[Items from a dataset]
::::::::
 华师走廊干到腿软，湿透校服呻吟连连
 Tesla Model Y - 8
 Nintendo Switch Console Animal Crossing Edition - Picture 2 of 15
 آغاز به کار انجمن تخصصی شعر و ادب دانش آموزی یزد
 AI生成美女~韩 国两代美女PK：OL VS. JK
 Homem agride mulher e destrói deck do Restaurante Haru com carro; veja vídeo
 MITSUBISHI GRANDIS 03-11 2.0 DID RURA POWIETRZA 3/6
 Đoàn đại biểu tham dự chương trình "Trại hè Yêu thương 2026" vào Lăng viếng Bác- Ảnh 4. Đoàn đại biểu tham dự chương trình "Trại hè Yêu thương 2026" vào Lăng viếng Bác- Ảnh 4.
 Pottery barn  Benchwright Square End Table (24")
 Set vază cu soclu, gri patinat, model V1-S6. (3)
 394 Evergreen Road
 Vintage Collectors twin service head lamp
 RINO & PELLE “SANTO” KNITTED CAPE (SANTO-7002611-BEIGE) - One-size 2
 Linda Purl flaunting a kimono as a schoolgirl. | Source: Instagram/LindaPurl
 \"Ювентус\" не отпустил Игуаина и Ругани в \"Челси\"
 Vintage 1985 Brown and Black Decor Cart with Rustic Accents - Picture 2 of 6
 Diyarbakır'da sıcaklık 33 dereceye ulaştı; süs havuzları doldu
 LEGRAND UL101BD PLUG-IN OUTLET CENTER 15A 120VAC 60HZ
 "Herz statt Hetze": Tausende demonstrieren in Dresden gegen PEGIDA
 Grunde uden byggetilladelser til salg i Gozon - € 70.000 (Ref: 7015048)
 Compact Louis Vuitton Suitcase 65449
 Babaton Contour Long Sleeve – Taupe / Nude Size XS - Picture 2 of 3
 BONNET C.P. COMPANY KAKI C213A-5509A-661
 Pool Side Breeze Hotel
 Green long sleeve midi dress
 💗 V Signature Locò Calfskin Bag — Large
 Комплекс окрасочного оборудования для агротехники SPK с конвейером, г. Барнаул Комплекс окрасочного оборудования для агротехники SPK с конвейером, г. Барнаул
::::::::
**What you are asked to do:**
What is needed is an exact reproduction of the data.

**Task solution:**
 华师走廊干到腿软，湿透校服呻吟连连
 Tesla Model Y - 8
 Nintendo Switch Console Animal Crossing Edition - Picture 2 of 15
 آغاز به کار انجمن تخصصی شعر و ادب دانش آموزی یزد
 AI生成美女~韩 国两代美女PK：OL VS. JK
 Homem agride mulher e destrói deck do Restaurante Haru com carro; veja vídeo
 MITSUBISHI GRANDIS 03-11 2.0 DID RURA POWIETRZA 3/6
 Đoàn đại biểu tham dự chương trình "Trại hè Yêu thương 2026" vào Lăng viếng Bác- Ảnh 4. Đoàn đại biểu tham dự chương trình "Trại hè Yêu thương 2026" vào Lăng viếng Bác- Ảnh 4.
 Pottery barn  Benchwright Square End Table (24")
 Set vază cu soclu, gri patinat, model V1-S6. (3)
 394 Evergreen Road
 Vintage Collectors twin service head lamp
 RINO & PELLE “SANTO” KNITTED CAPE (SANTO-7002611-BEIGE) - One-size 2
 Linda Purl flaunting a kimono as a schoolgirl. | Source: Instagram/LindaPurl
 \"Ювентус\" не отпустил Игуаина и Ругани в \"Челси\"
 Vintage 1985 Brown and Black Decor Cart with Rustic Accents - Picture 2 of 6
 Diyarbakır'da sıcaklık 33 dereceye ulaştı; süs havuzları doldu
 LEGRAND UL101BD PLUG-IN OUTLET CENTER 15A 120VAC 60HZ
 "Herz statt Hetze": Tausende demonstrieren in Dresden gegen PEGIDA
 Grunde uden byggetilladelser til salg i Gozon - € 70.000 (Ref: 7015048)
 Compact Louis Vuitton Suitcase 65449
 Babaton Contour Long Sleeve – Taupe / Nude Size XS - Picture 2 of 3
 BONNET C.P. COMPANY KAKI C213A-5509A-661
 Pool Side Breeze Hotel
 Green long sleeve midi dress
 💗 V Signature Locò Calfskin Bag — Large
 Комплекс окрасочного оборудования для агротехники SPK с конвейером, г. Барнаул Комплекс окрасочного оборудования для агротехники SPK с конвейером, г. Барнаул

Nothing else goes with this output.